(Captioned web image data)
■ ■ ■ ■ ■ ■ ■
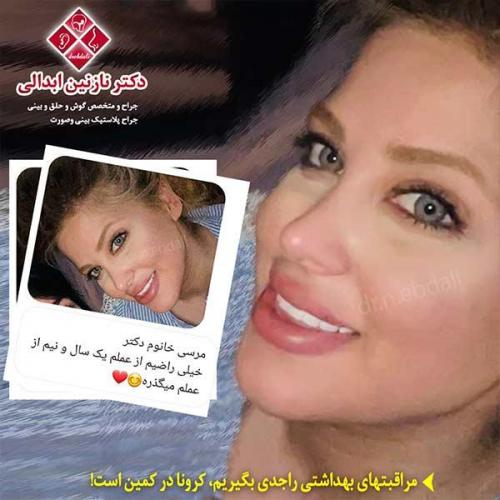 جراحی-بینی-مشهد-143
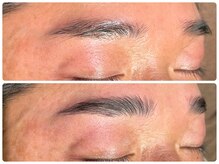 エステティック ティアリィ エアポートウォーク名古屋店(TiARY)/メンズ ハリウッドブロウリフト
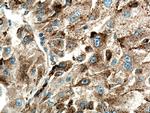 Cathepsin L Antibody in Immunohistochemistry (Paraffin) (IHC (P))
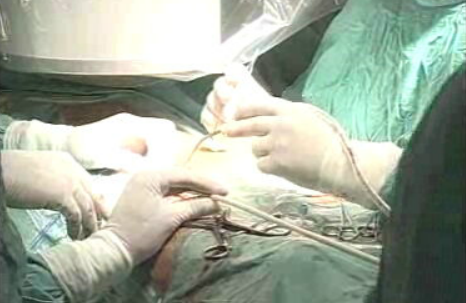 Cirurgia pioneira em Portugal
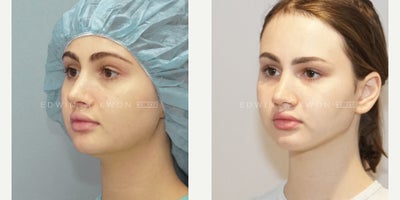 Buccal Fat Removal before and after photo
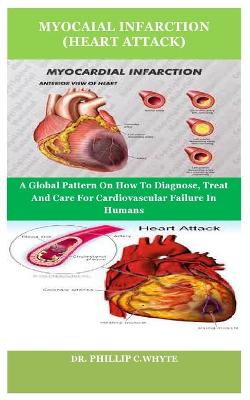 Book cover for Myocaial Infarction (Heart Attack)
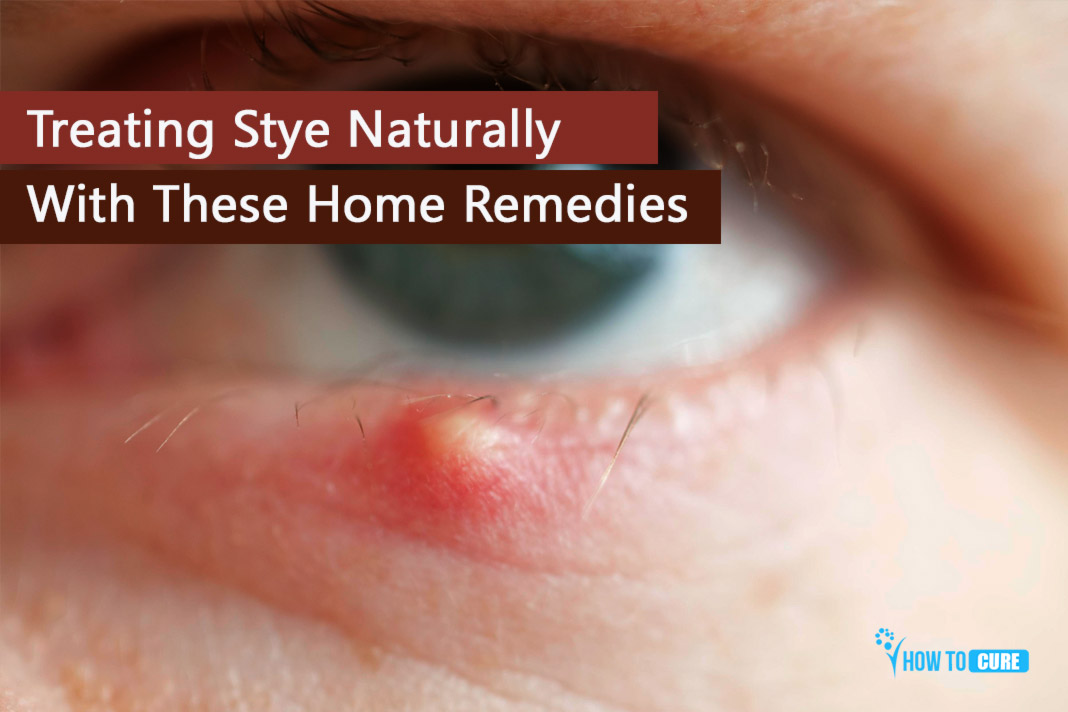 Treating Stye Naturally With These Home Remedies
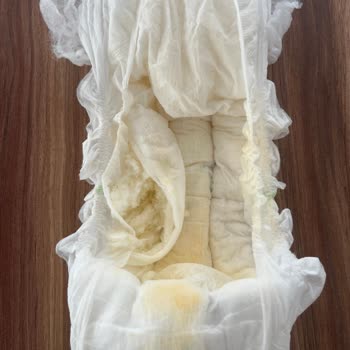 Kalitesiz Bebek Bezinde Yırtılma Ve Açık Paket Nedeniyle İade Reddi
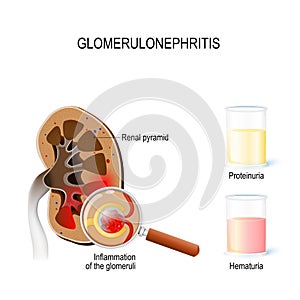 Glomerulonephritis glomerular nephritis. Human kidney, and clo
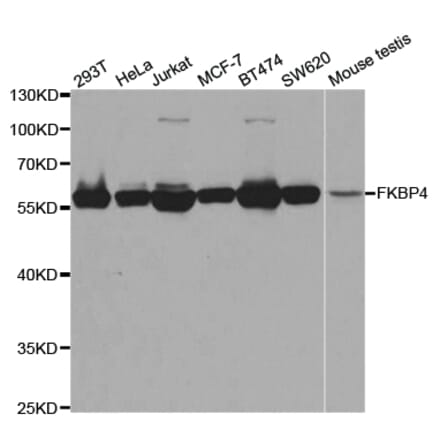 Anti-FKBP4 Antibody from Bioworld Technology (BS7652) - Antibodies.com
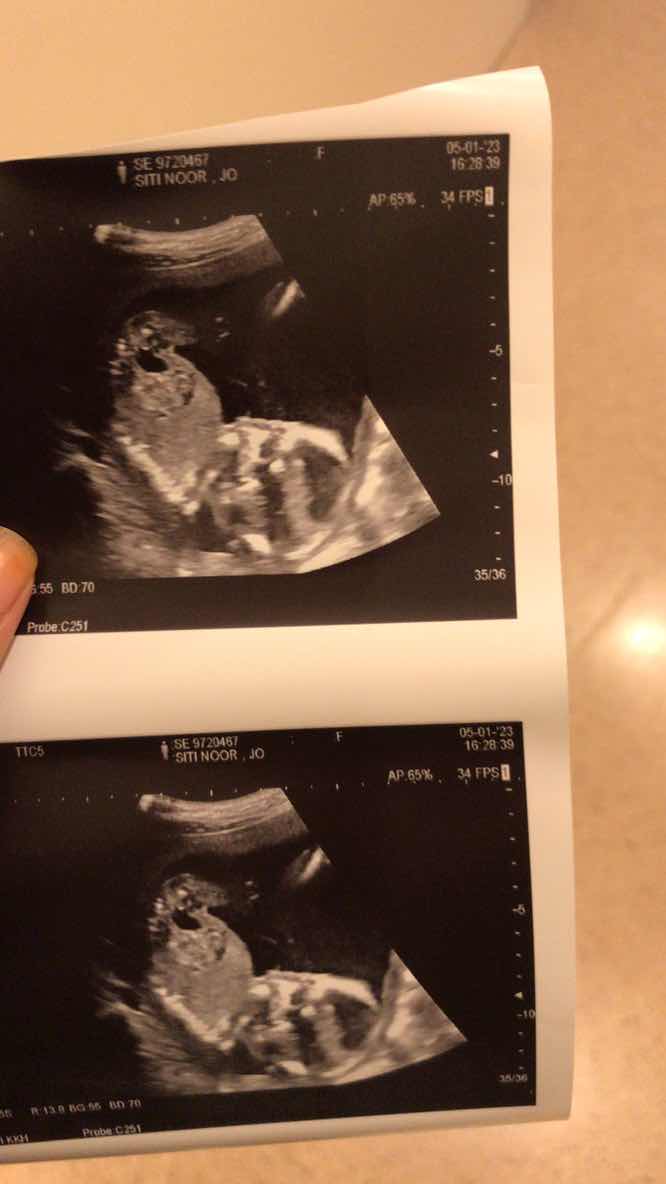 mommies rse gurl ke boy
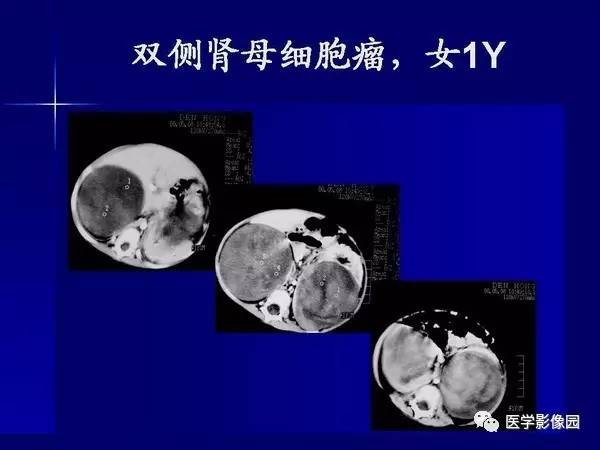 【PPT】肾脏常见病变的CT诊断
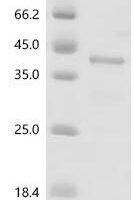 Human Paired box protein Pax-8 (PAX8), partial Recombinant Protein - BioCrest Sci
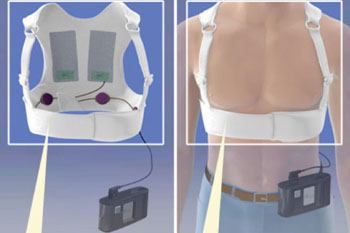 Image: The LifeVest defibrillator (Photo courtesy of ZOLL).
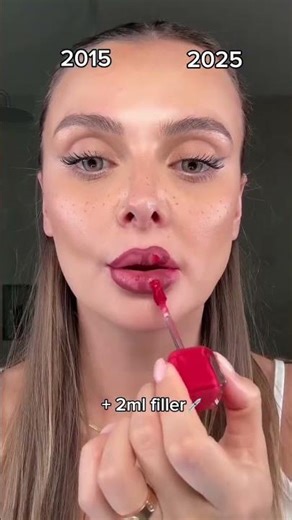 💉 2015 vs 2025 | 2ml Lip Filler Transformation Through the Years #shorts #makeup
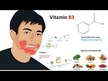 Видео обзор на Ниацинамид, Niacinamide B-3 Timed Release 1500 mg, 100 таблеток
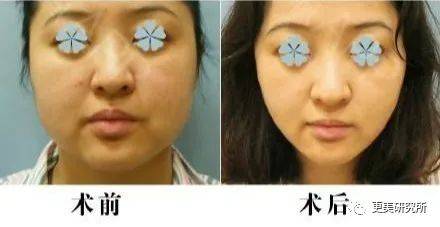 fa|鞠婧祎终于对上晚晚！两个镜头“造假精”，谁能艳压？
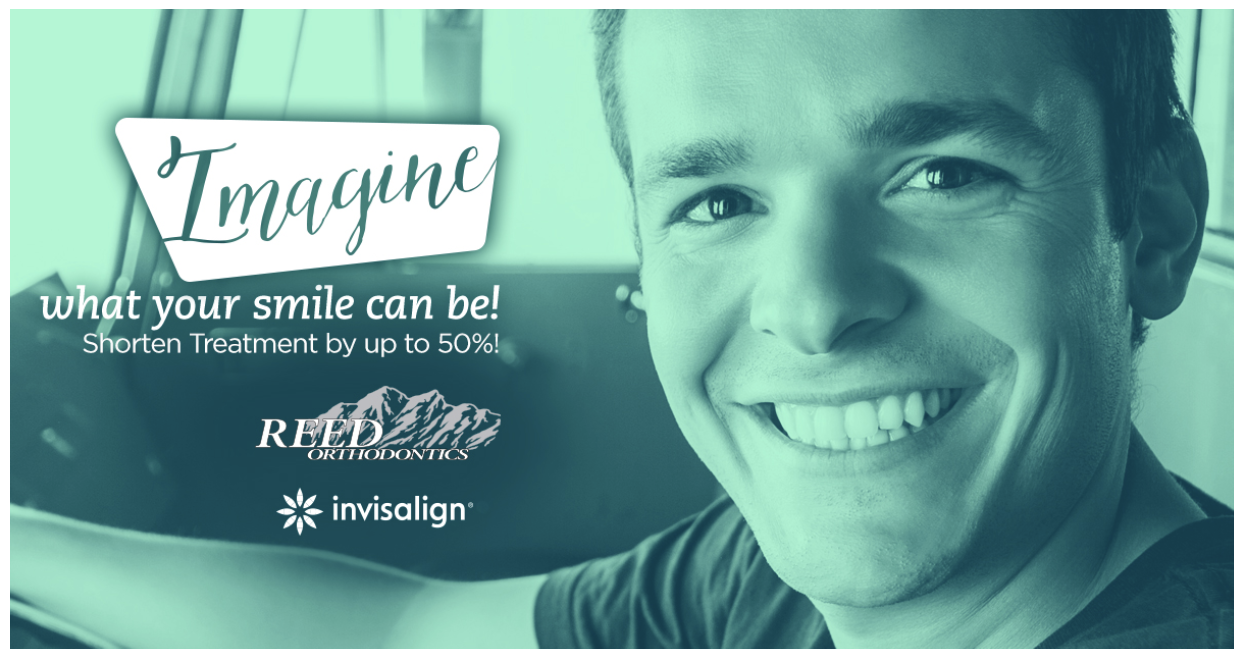 How to Get a Brighter Smile in Less Time with Invisalign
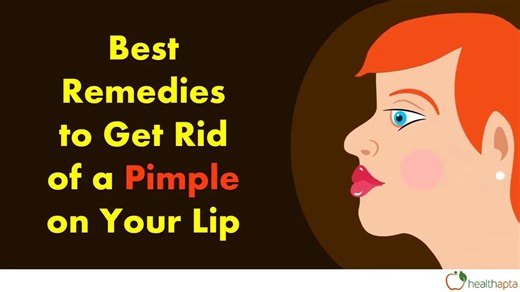 Best Remedies to Get Rid of a Pimple on Your Lip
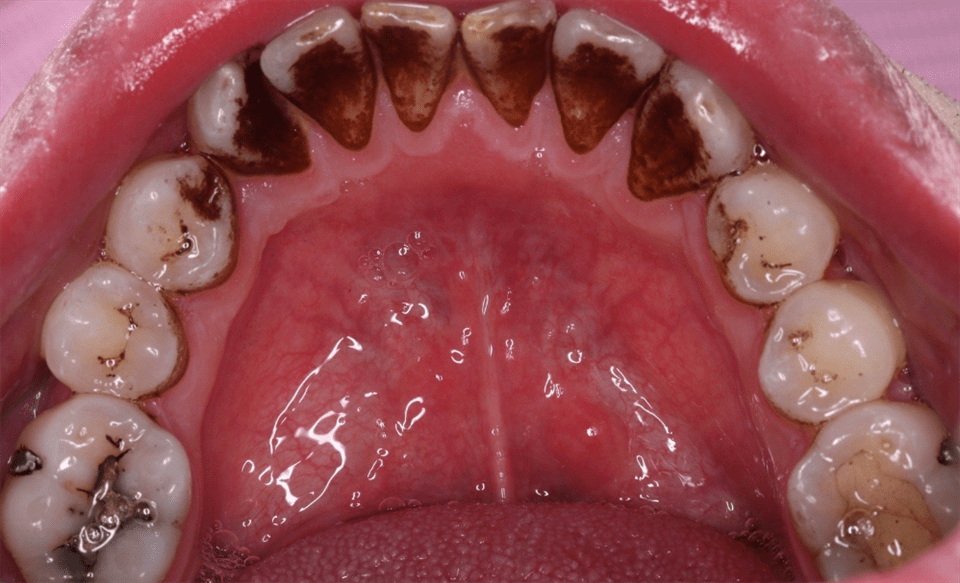 过来人教你3个洁牙妙招,牙齿瞬间亮白如新!_效果_方法_牙垢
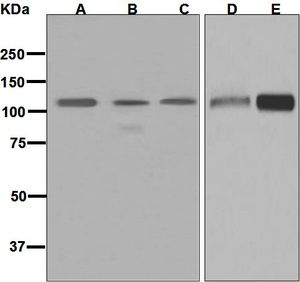 Western blot analysis on (A) human uterus, (B) human ovary, (C) HUVEC, (D) human adrenal gland, and (E) HeLa lysates using anti-LGR6 antibody.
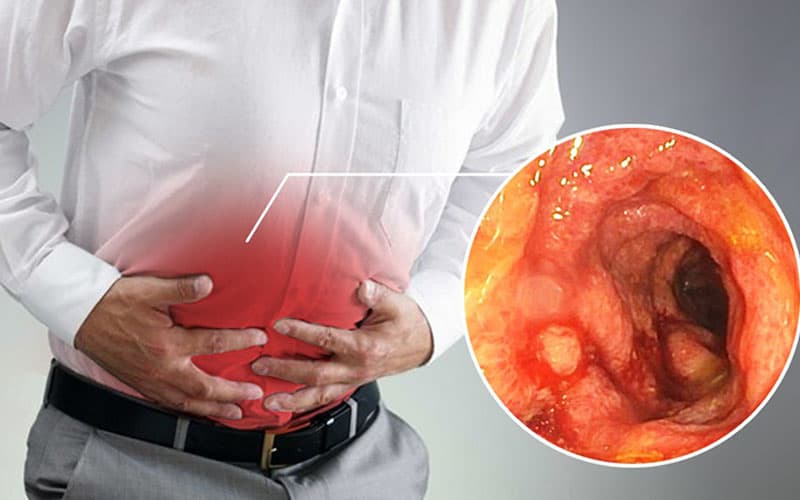 Cơn đau bụng quặn trái đột ngột kèm theo đi ngoài ra máu là dấu hiệu thường gặp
■ ■ ■ ■ ■ ■ ■
#### ASSIGNED TASK
Leaving the pictures out, set down exactly the lines from the one with "Western blot analysis" through the end of the records.

#### YOUR RESPONSE
 Western blot analysis on (A) human uterus, (B) human ovary, (C) HUVEC, (D) human adrenal gland, and (E) HeLa lysates using anti-LGR6 antibody.
 Cơn đau bụng quặn trái đột ngột kèm theo đi ngoài ra máu là dấu hiệu thường gặp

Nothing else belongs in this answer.